Ayrıca o dönemin en ünlü alimlerinden
Tasavvuf ilmi öğrendi.
Hocasından icazet (diploma) aldıktan
sonra İslamiyet’i öğretmek için
Kayseri’ye döndü. Pek çok alim
yetiştirdi.
Bunlardan biri de Hacı Bayram-ı
Veli’dir.
Kayseri’de pek çok öğrenci
yetiştirdikten sonra Anadolu’ya gelerek
Bursa’ya yerleşti.
Bilinmeyen bir sebeple ilmini gizledi.
Bursa’da bir fırın yaptırdı. Fırınına
merkebiyle dağdan odun getirip onunla
ekmekleri pişirirdi.
Ekmek küfesini sırtına alarak:
“Somun!
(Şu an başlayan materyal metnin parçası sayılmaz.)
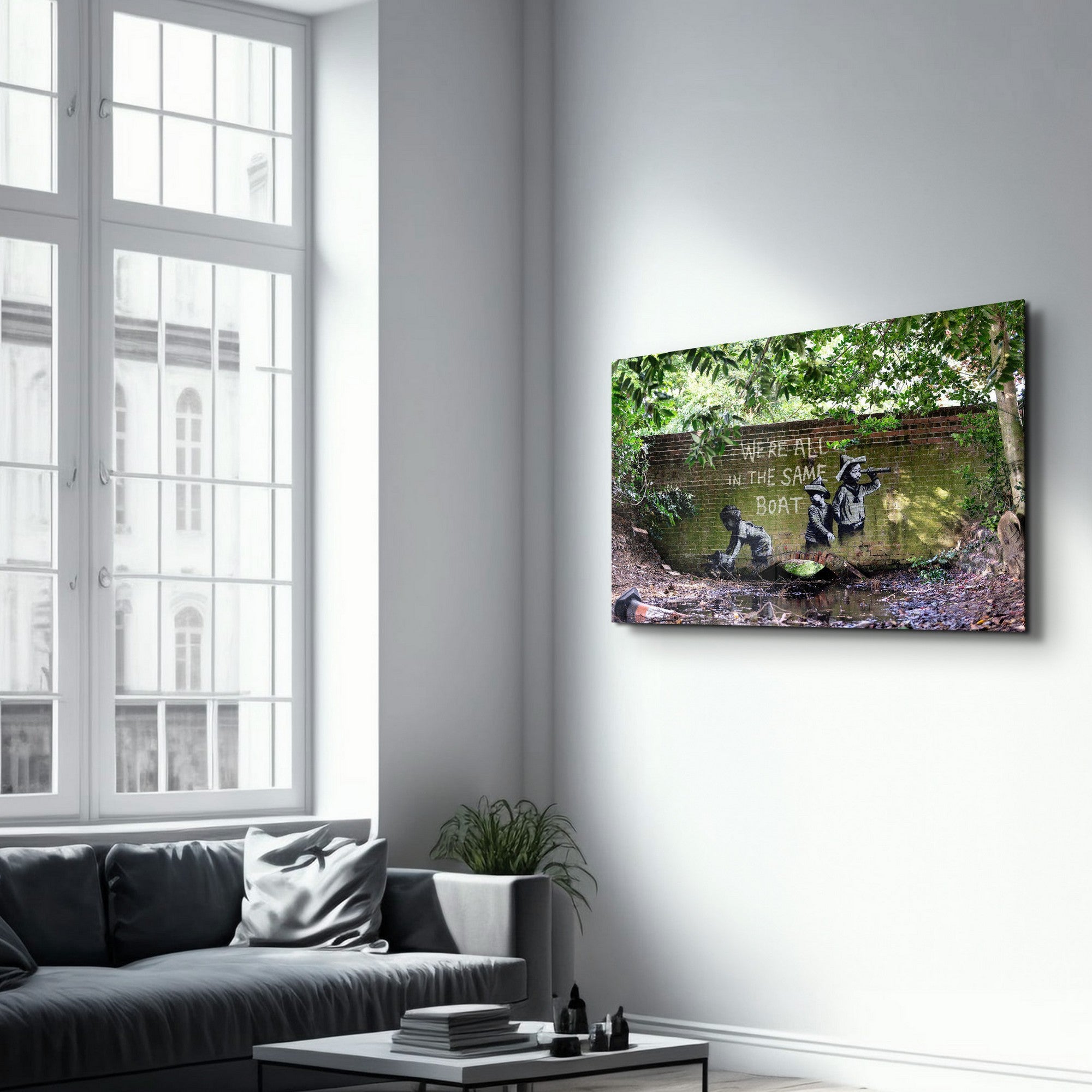 Arte Decorativa em Vidro Temperado Multicolor 70x110cm - Impressão UV de Alta Qualidade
Mü’minler somun…” diyerek
ekmek satardı.
Halk bu fırıncıya, “Somuncu Baba”
lakabını takmıştı.
Somuncu Baba ekmek satmaya başlayınca,
herkes peşinden koşar, ekmeğini
kapışırlardı.
Bir gün fırında ekmek pişirirken yanına
Padişah Yıldırım Bayezid’in damadı Emir
Sultan geldi.
Somuncu Baba ile sohbet ederken onun
büyük bir veli-alim olduğunu anladı.
Yıldırım Bayezid, Bursa Ulu Camii’ni
yaptırırken, inşaatta çalışan işçilerin
bütün ekmek ihtiyacını Somuncu Baba
karşıladı.
Cami bitiminde Padişah, ilk hutbenin
Emir Sultan tarafından okunmasını
istemişken, Emir Sultan’ın Somuncu
Baba’yı padişaha tanıtmasından sonra,
kendisine ilk hutbeyi okuma görevi
verilmişti.
Hutbede yaptığı konuşma ile halk
tarafından büyük bir alim olduğu
anlaşıldı.
O dönemin ünlü alimlerinden Molla Fenârî
ve Emir Sultan kendisinden ders almaya
başlamıştı.
Durumunun anlaşılması üzerine Bursa’dan
ayrılarak Aksaray'a geldi.
Burada ömrünün sonuna kadar İslamiyet’i
yaymak, Allah’ın emir ve yasaklarını
insanlara bildirmek için uğraştı.
Artık Somuncu Baba’ya, Hâmid-i Aksarayî
denmeye başlandı.
Hacı Bayram-ı Veli ile Hacc’a gitti.
Dönüşlerinde Hacı Bayram-ı Veli’yi
kendisine vekil tayin etti
Somuncu Baba lakabıyla anılan Hamid-i
Aksarayî; 1412 senesinde vefat etmiştir.
Cenaze namazını Hacı Bayram-ı Veli
kıldırdı.
Türbesi Aksaray kabristanının
ortasındadır.
Aksaray eşrafından Şahin Beşer’in
gayretleriyle 1980 yılında türbesi
yeniden tamir edilerek bugünkü haline
getirilmiştir.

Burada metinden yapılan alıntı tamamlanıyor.